Monday, July 10, 2006

Where is my Mind?
A couple salutary links while waiting for some of my more substantial post-seedlings to blossom...

  • While I think the Phillies blog I'm involved with does a pretty solid job of analysis--and this year, helping maintain it has given me a metaphorical taste of police forensic work; this is as close as I ever hope to get to determining cause of death--there is, after all, more to life, even more to baseball, than figuring out who should get traded, who should stay, and whether Bill Dancy's third-base coaching idiocy is innate or learned. So I have to commend my new favorite (maybe that isn't quite the word) Phillies blog: I Love Misery. It's acidic balm for the Phils phan soul.

  • Whatever your opinion of the '60s, psychedelic drugs, or the cultural trends of that time, you really need to check out this New Yorker review, a few weeks old now, of a recent biography on Timothy Leary. Louis Menand, a pretty damn fine writer himself, does what I imagine is a far better job of telling Leary's story than does the biographer. And what a story: this guy was, apparently, a first-class schmuck who was married more times than Rush Limbaugh, cheated on all of them, was an awful dad to his maladjusted kids (who came to tragic ends), and eventually sold out his friends and allies to save his own ass and pal around with William Buckley and G. Gordon Liddy.

    Menand notes how the established Leary myth--of an educator and researcher who, Buddha-like, left the safe world of academia to pursue deeper knowledge and enlightenment--masks an uglier, but probably more interesting, truth. As a psychologist-turned-proselytizer for alternative lifestyles, Leary was always in one priesthood or another, but his sermonizing was strictly toward worldly ends:

    Leary spent the first part of his career doing normative psychology, the work of assessment, measurement, and control; he spent the second as one of the leading proselytizers of alternative psychology, the pop psychology of consciousness expansion and nonconformity. But one enterprise was the flip side of the other, and Greenfield’s conclusion, somewhat sorrowfully reached, is that Leary was never serious about either. The only things Leary was serious about were pleasure and renown. He underwent no fundamental transformation when he left the academic world for the counterculture. He liked women, he liked being the center of attention, and he liked to get high. He simply changed the means of intoxication.

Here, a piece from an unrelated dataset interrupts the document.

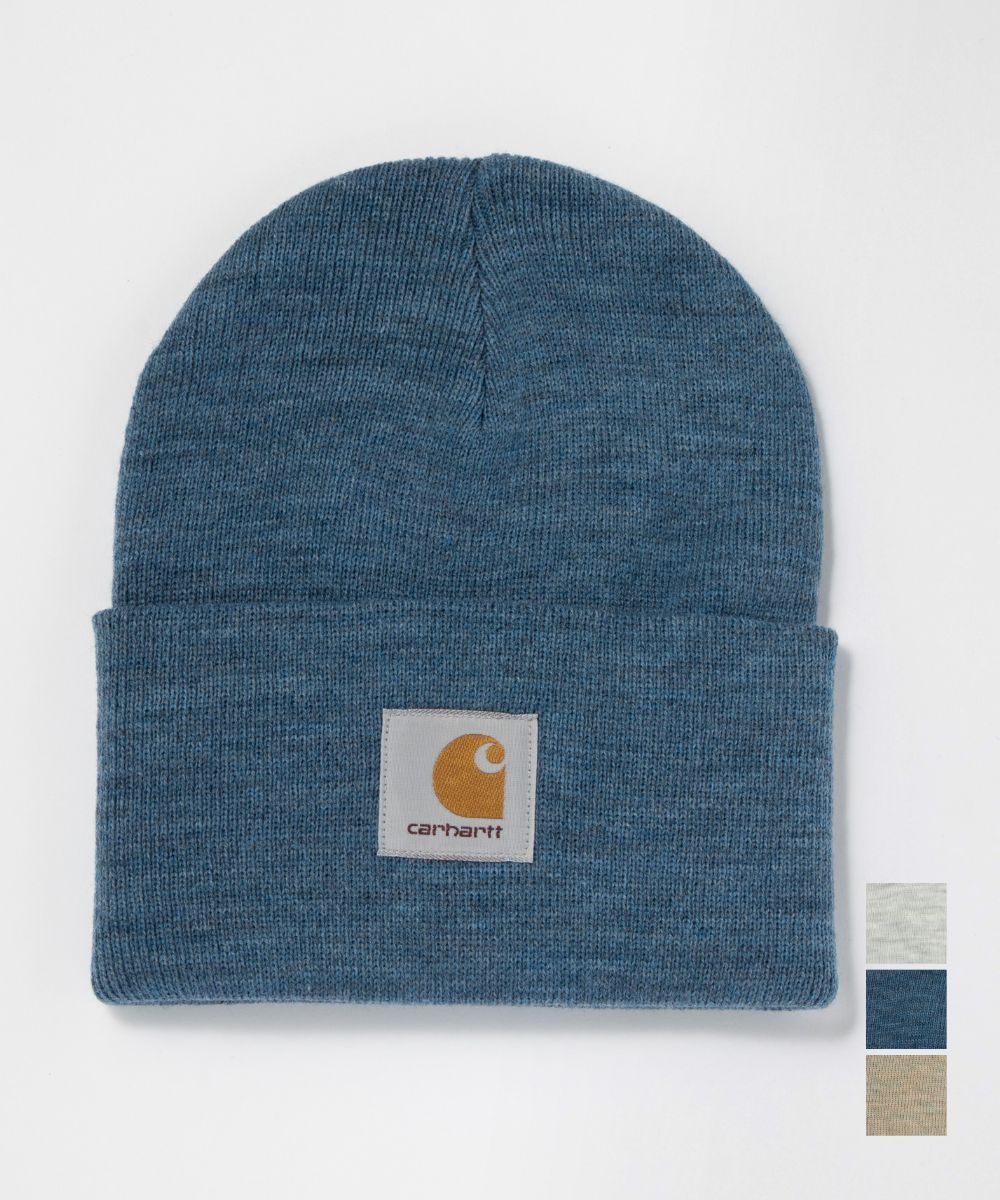 カーハート Carhartt I020175 ニット帽 メンズ レディース 帽子 ビーニー帽 アクリル ウォッチ ハット WIP ACRYLIC WATCH HAT カジュアル 定番 ユニセックス キャップ シンプル ジョギング アウトドア アクリル ストリート ぼうし ロゴ 秋冬 男女兼用 通勤 通学 A18 全3色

    Leary's genius was more Malcolm McLaren than Aldous Huxley: he was, at core, a self-interested self-promoter. That there was a dash of messianism mixed into his monumental self-regard really just contributed to a lot of destroyed lives among people he never met. As the 1960s recede further into the past and a clearer historical picture emerges of the time, I expect we'll see a more judicious sorting of the heroic from the moronic. This account doesn't leave much doubt where Leary sits in that judgment.